((
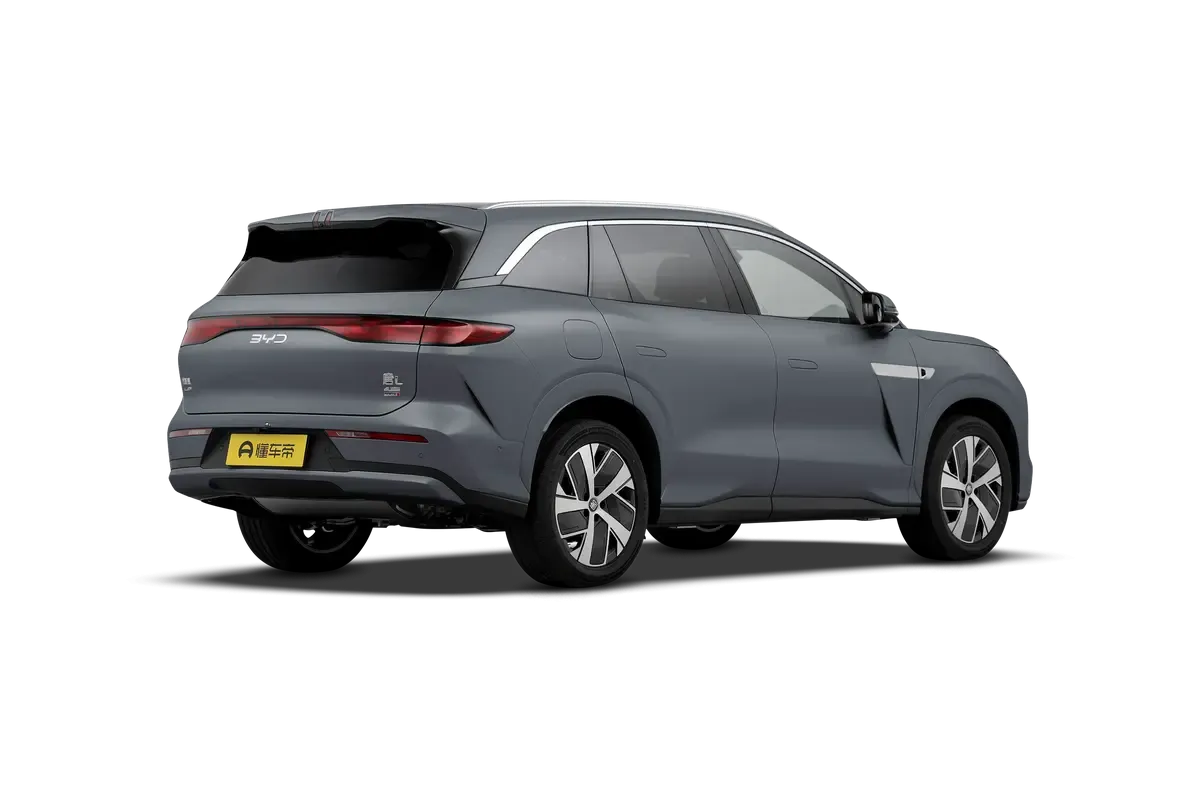 Электромобиль BYD TANG L 2025 670KM Rear-wheel Drive LiDAR Premium (серый)_360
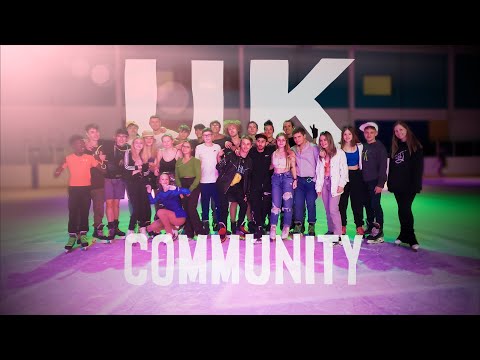 The Ice Freestyle Community — UK — Meetups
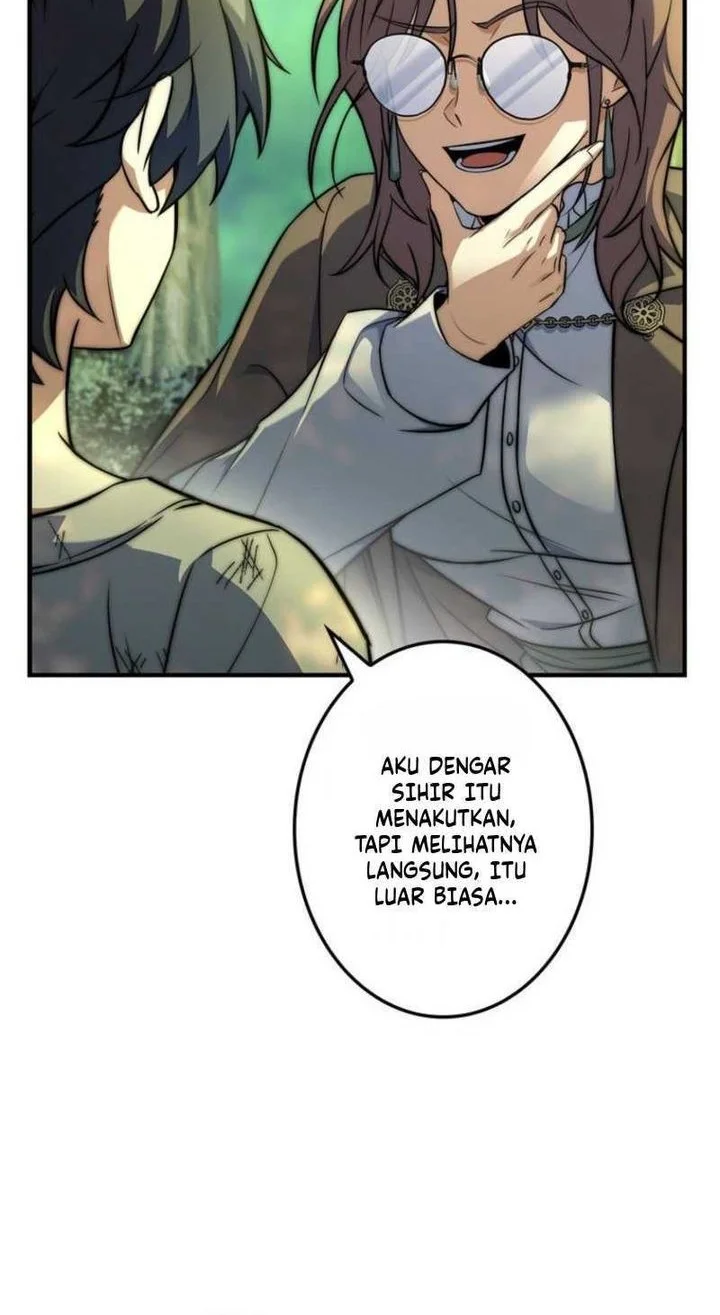 I Became a Wizard in a Medieval Fantasy World Chapter 1 Gambar 88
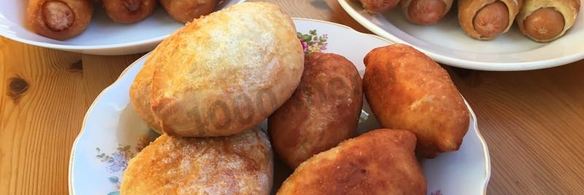 дрожжевое тесто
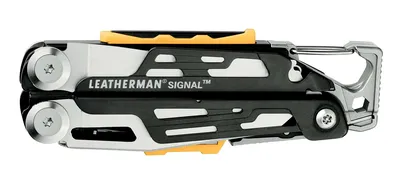 Multitool Leatherman SIGNAL Black - Stainless - 19 narzędzi  (832265) - widok 2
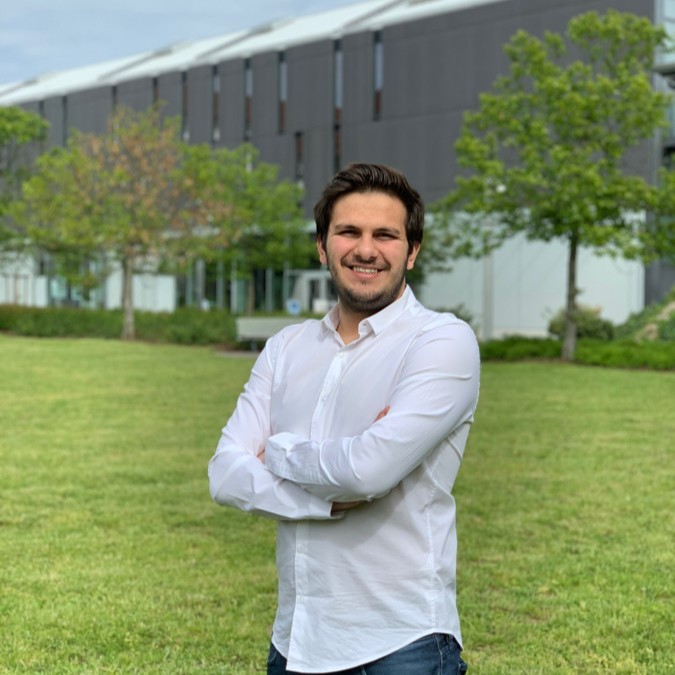 Riad Takriti, Trading Operations Specialist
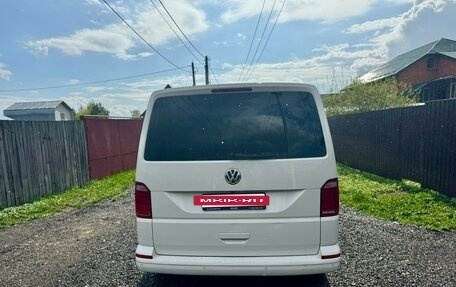 Volkswagen Caravelle T6 рестайлинг, 2019 год, 3 880 000 рублей, 4 фотография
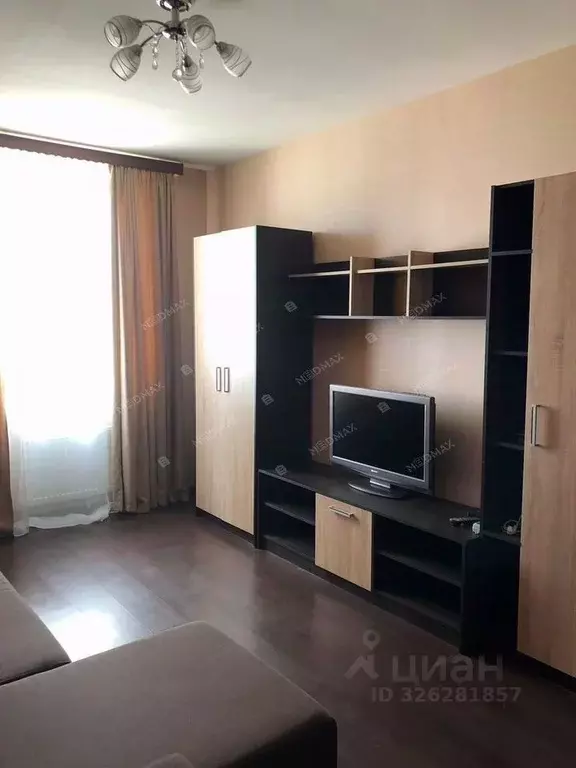 1-к кв. Санкт-Петербург наб. Реки Смоленки, 3к1 (40.0 м) - Фото 2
))
● DESCRIPTION OF THE TASK
Without any of the pictures, set the entries down again exactly as written.

● RESPONSE
 Электромобиль BYD TANG L 2025 670KM Rear-wheel Drive LiDAR Premium (серый)_360
 The Ice Freestyle Community — UK — Meetups
 I Became a Wizard in a Medieval Fantasy World Chapter 1 Gambar 88
 дрожжевое тесто
 Multitool Leatherman SIGNAL Black - Stainless - 19 narzędzi  (832265) - widok 2
 Riad Takriti, Trading Operations Specialist
 Volkswagen Caravelle T6 рестайлинг, 2019 год, 3 880 000 рублей, 4 фотография
 1-к кв. Санкт-Петербург наб. Реки Смоленки, 3к1 (40.0 м) - Фото 2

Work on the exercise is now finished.